# CPT 56501 included in E/m?



## jhaleycoder (Jul 25, 2011)

The CPT 56501 is bundling with 99213 even with the modifier 25.  I can't seem to understand why this would be included in the e/m.  Please help thank you


----------



## btadlock1 (Jul 25, 2011)

jhaleycoder said:


> The CPT 56501 is bundling with 99213 even with the modifier 25.  I can't seem to understand why this would be included in the e/m.  Please help thank you



Are you_ sure _it's bundling to the E/M? It's not an NCCI edit, and even if it were, the 25 modifier wouldn't help here. Anytime you have a bundling denial, you need to add a modifier to the code that's being bundled into the other code, so in this case, if 56501 is really bundling into your E/M, you'd need to add a 59 modifier to it to get both processed - the E/M would only need a modifier if the denial was the other way around. (I've seen a lot of confusion on that - for some reason, whenever people see a bundling denial and an E/M is involved, the first assumption is that the E/M needs to get a 25 modifier, and that's not always the case...)

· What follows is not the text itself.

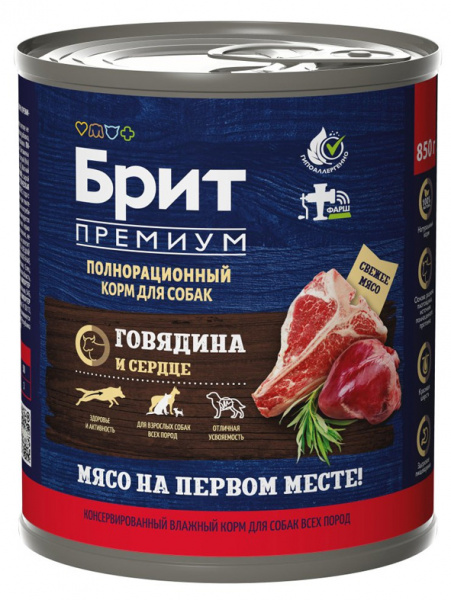 Brit Premium Консервы для взрослых собак, с говядиной и сердцем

Did you bill anything else that day?
What does your EOB say?


----------



## jhaleycoder (Jul 25, 2011)

Okay thanks so much for the info.. The eob is saying Pymt included in allow for other service. it was billed with a 99213.  I just figured why.  It has 10 day global. needs a -58.  I just started in primary care and they dont have any global tools or edits.  Iam used to working in surgical coding.  Now I need to see if the 99213 should of been billed but the pt did come in with asthma problems as well  Thanks so much


----------



## btadlock1 (Jul 25, 2011)

jhaleycoder said:


> Okay thanks so much for the info.. The eob is saying Pymt included in allow for other service. it was billed with a 99213.  I just figured why.  It has 10 day global. needs a -58.  I just started in primary care and they dont have any global tools or edits.  Iam used to working in surgical coding.  Now I need to see if the 99213 should of been billed but the pt did come in with asthma problems as well  Thanks so much



It was in a global period for something else? You'd only need a global modifier if it was bundling into another procedure from a previous DOS. You may want to call and verify that it processed correctly - it sounds like it might have denied in error, honestly. Good luck!


----------